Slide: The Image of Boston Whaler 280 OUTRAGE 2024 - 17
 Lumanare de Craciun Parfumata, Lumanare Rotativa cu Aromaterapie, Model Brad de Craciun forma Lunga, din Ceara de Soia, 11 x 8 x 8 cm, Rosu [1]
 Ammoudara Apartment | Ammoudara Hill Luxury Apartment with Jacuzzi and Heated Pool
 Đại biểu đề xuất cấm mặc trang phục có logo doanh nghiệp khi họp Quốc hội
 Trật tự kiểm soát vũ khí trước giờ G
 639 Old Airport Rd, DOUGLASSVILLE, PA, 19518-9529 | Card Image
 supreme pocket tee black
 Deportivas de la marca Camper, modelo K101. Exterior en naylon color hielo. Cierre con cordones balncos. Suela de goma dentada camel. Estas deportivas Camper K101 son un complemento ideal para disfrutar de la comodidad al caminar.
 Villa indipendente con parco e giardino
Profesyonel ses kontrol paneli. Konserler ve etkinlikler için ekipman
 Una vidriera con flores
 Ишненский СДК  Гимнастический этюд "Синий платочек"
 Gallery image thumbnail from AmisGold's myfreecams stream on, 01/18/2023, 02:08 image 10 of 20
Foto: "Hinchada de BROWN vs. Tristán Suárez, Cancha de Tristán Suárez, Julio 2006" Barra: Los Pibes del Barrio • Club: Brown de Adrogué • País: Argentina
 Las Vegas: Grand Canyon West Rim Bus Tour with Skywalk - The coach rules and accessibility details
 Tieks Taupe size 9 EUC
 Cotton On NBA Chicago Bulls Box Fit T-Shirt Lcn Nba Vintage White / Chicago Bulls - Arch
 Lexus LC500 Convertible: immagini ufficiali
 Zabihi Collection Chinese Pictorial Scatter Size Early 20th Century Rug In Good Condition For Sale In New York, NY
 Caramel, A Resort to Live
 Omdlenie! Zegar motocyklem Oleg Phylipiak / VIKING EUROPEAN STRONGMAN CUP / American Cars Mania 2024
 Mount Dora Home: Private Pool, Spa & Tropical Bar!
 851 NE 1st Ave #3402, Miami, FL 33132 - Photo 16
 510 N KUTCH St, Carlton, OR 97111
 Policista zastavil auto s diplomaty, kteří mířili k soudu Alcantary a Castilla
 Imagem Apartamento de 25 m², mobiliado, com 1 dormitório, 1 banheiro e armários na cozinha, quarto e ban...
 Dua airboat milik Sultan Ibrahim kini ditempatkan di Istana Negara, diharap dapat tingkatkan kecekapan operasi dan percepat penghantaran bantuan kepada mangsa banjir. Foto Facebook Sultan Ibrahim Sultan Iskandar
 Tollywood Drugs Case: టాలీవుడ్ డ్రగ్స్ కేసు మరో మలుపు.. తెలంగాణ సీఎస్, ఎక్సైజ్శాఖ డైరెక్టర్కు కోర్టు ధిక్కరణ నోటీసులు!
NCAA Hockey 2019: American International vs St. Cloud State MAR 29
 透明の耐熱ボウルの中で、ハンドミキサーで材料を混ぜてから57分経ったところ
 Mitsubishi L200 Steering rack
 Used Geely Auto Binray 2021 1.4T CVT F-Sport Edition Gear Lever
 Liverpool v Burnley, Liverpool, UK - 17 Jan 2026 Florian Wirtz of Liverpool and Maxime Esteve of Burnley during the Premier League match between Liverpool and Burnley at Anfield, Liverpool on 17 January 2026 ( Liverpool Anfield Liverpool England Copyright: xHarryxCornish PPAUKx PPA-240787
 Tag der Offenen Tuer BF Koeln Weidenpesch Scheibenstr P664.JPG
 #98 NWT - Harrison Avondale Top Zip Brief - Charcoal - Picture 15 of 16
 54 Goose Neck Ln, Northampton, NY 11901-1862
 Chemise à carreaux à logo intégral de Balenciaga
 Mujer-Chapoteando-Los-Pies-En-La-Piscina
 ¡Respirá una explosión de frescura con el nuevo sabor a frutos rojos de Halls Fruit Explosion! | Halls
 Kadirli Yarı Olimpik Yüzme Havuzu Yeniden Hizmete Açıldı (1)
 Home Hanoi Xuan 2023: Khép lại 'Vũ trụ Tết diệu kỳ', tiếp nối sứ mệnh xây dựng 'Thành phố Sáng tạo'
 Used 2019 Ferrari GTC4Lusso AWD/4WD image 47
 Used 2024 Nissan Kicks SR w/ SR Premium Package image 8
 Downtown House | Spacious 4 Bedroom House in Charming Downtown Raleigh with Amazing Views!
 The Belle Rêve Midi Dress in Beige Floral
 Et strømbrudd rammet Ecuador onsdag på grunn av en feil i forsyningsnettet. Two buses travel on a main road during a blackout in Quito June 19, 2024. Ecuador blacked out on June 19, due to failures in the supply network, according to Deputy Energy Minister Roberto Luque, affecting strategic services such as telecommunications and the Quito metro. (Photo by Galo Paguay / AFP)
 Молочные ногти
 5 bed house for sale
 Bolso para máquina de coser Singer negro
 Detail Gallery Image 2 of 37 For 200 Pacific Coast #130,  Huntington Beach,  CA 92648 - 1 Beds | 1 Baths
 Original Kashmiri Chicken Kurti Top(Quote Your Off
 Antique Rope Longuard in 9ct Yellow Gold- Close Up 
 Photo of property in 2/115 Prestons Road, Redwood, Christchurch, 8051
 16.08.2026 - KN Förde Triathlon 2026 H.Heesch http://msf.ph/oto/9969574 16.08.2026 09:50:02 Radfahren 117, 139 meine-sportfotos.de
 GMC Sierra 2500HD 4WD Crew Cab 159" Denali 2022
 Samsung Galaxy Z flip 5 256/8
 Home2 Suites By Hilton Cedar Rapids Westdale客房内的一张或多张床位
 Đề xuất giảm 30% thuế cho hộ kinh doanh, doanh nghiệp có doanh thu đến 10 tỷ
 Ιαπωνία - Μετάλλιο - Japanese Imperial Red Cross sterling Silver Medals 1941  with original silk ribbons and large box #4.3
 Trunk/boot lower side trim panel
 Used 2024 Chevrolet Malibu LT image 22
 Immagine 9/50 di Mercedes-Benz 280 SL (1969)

→ **What to do**: Considering only the data above, return the lines in which "Photo" occurs.

→ **Solved problem**:
 851 NE 1st Ave #3402, Miami, FL 33132 - Photo 16
 Et strømbrudd rammet Ecuador onsdag på grunn av en feil i forsyningsnettet. Two buses travel on a main road during a blackout in Quito June 19, 2024. Ecuador blacked out on June 19, due to failures in the supply network, according to Deputy Energy Minister Roberto Luque, affecting strategic services such as telecommunications and the Quito metro. (Photo by Galo Paguay / AFP)
 Photo of property in 2/115 Prestons Road, Redwood, Christchurch, 8051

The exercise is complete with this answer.